DIRECTIONS
From the first line down to the one containing "Large Capacity Multi-Layer", reproduce the entries below exactly and leave out the pictures.

========================

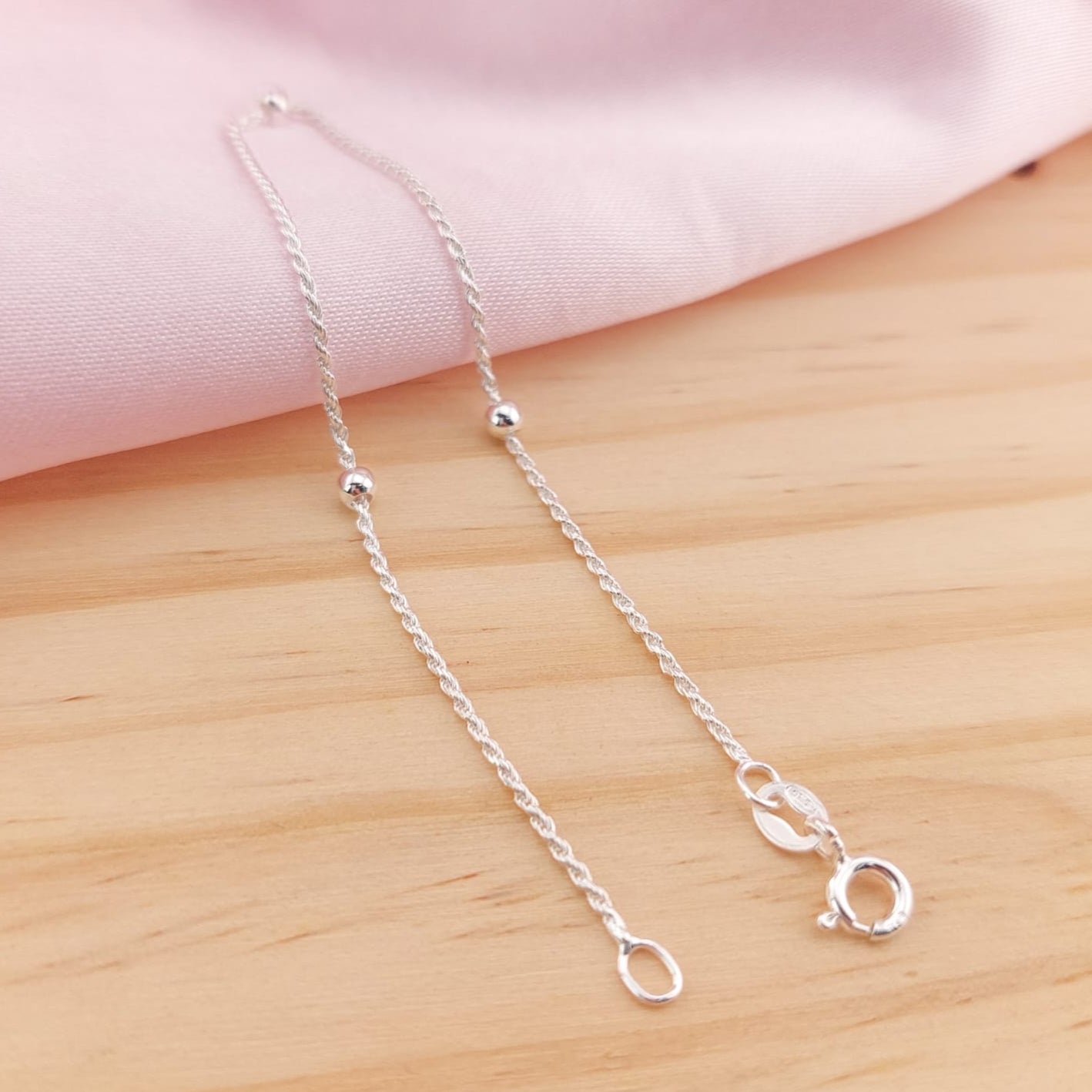Pulsera Cordon/Bola2.5mm 18.5cm Plata 925 210000024640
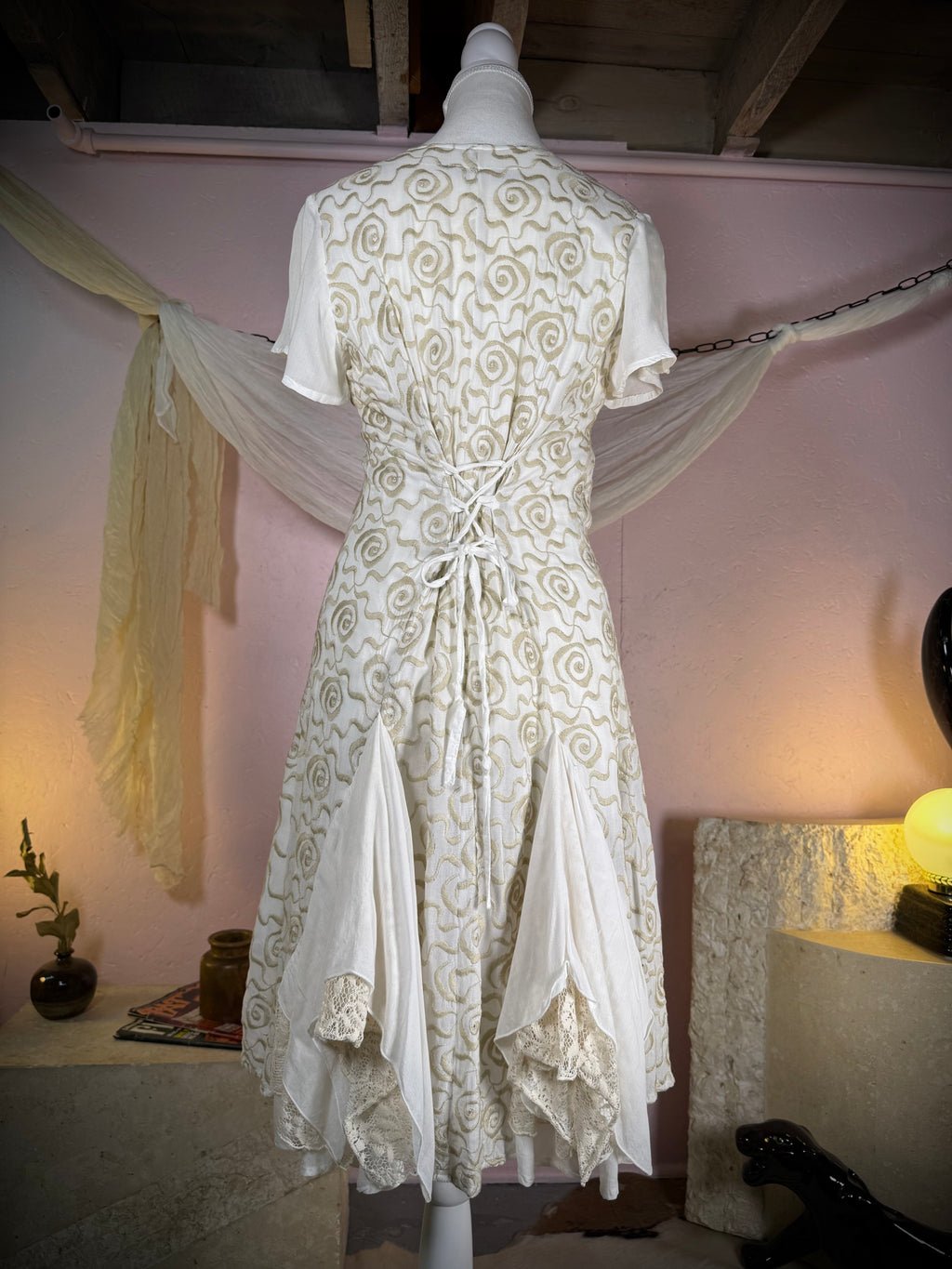 Sunday Mourning Lace Handkerchief Dress | Small-Medium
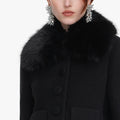 Black Wool Fur Cuff Jacket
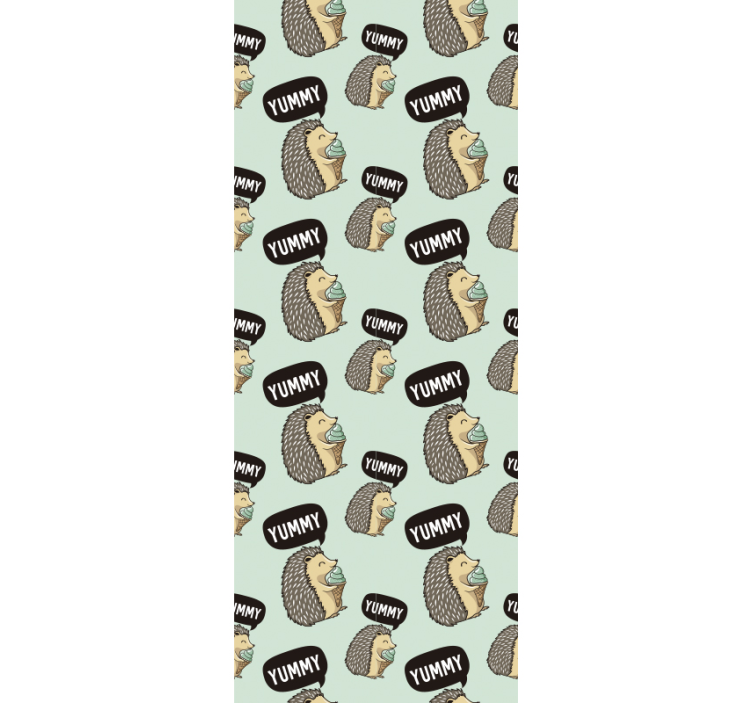 Papel pintado infantil erizos adorables felices - TenVinilo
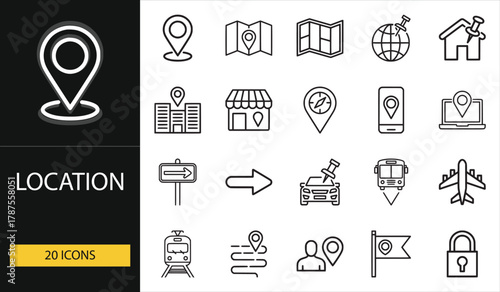 Location icons with map pins, GPS, and navigation tools. Great for travel, transport, mobile, and delivery app interfaces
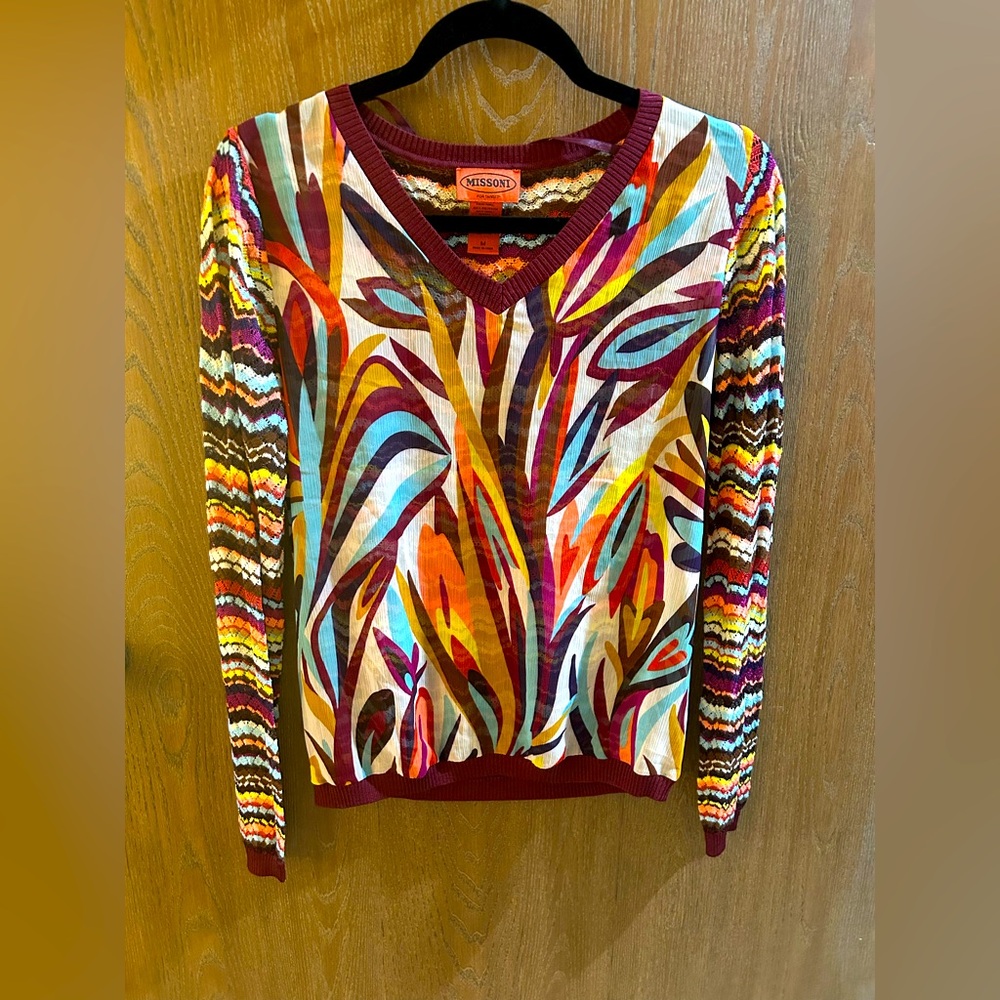 Missoni for Target- Colorful Chiffon Front Knit Sweater
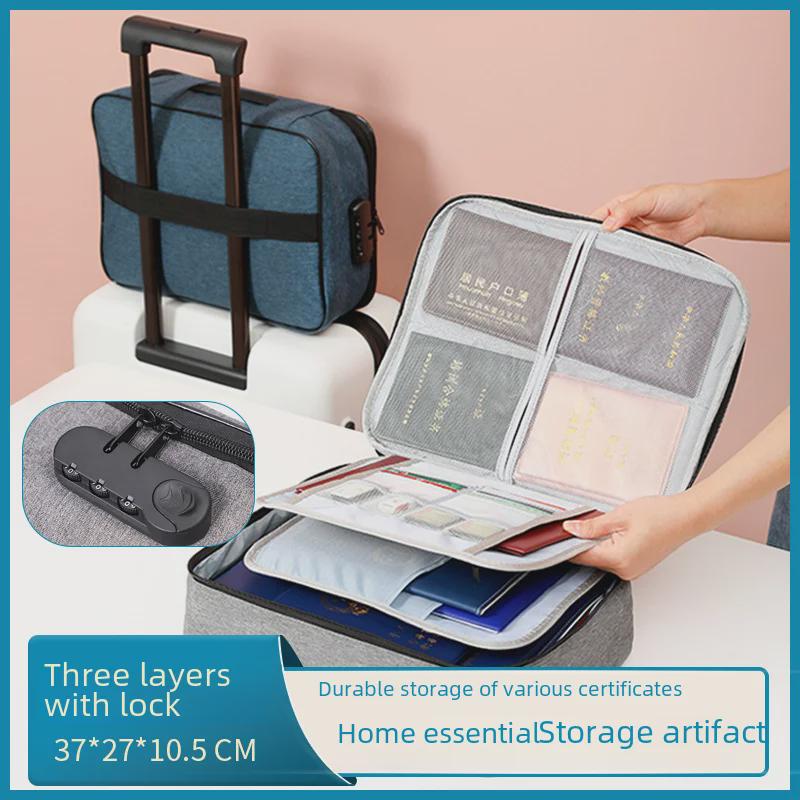 Large Capacity Multi-Layer Travel Document Storage Bag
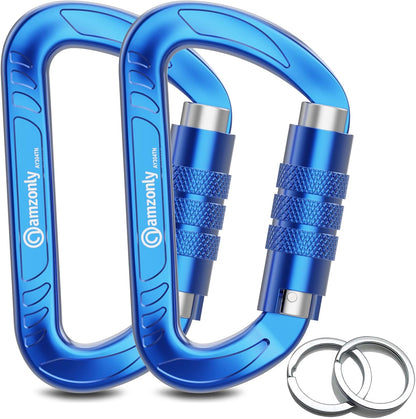 3-Inch Auto-Locking Aluminum Carabiner Clips for Keys and Outdoor Gear
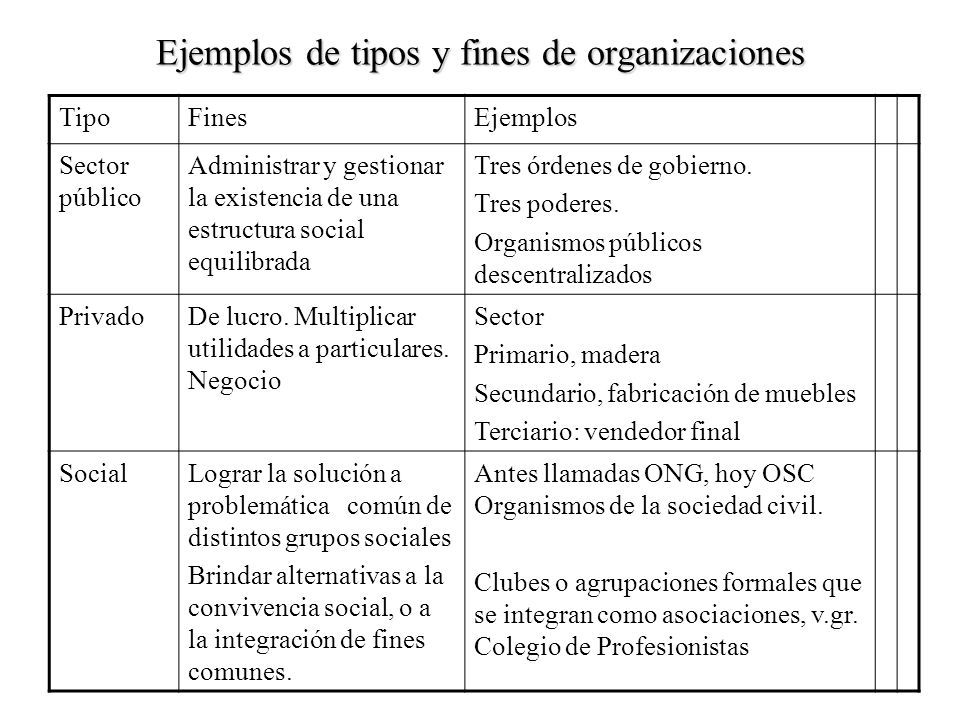 Ejemplos de tipos y fines de organizaciones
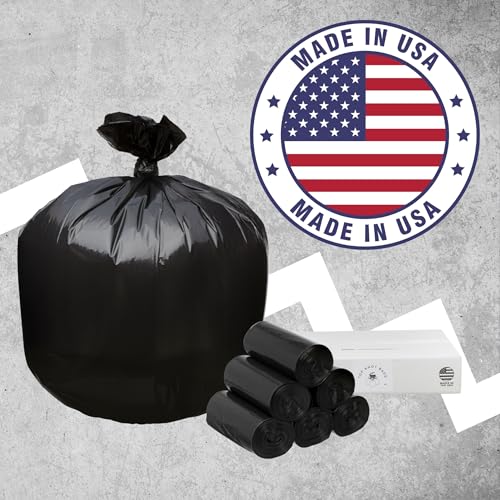 33-Gallon Heavy-Duty Trash Bags 1.2 Mil Thick Black 150 Pack - Made in USA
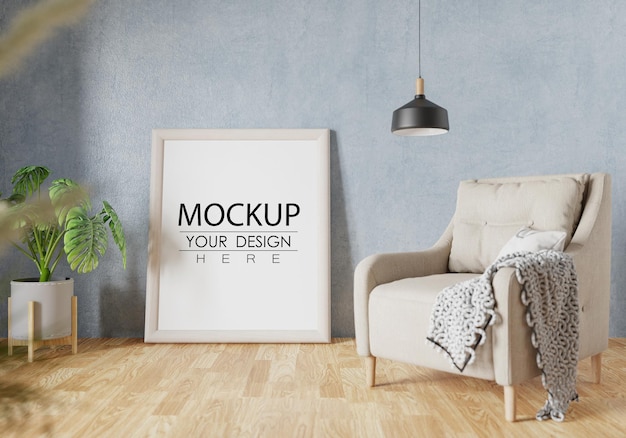 Poster Frame in soggiorno Psd Mockup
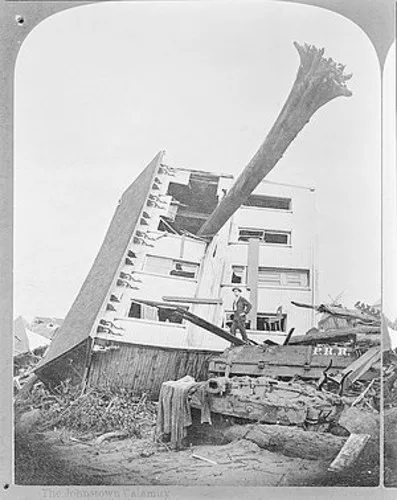 Johnstown, Pennsylvania, 1889.  A poorly maintained private dam ruptured after heavy rains, killing more than 2,200. The tragedy marked the first time the American Red Cross responded after a maj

========================

EXERCISE OUTPUT
Pulsera Cordon/Bola2.5mm 18.5cm Plata 925 210000024640
 Sunday Mourning Lace Handkerchief Dress | Small-Medium
 Black Wool Fur Cuff Jacket
 Papel pintado infantil erizos adorables felices - TenVinilo
 Location icons with map pins, GPS, and navigation tools. Great for travel, transport, mobile, and delivery app interfaces
 Missoni for Target- Colorful Chiffon Front Knit Sweater
 Large Capacity Multi-Layer Travel Document Storage Bag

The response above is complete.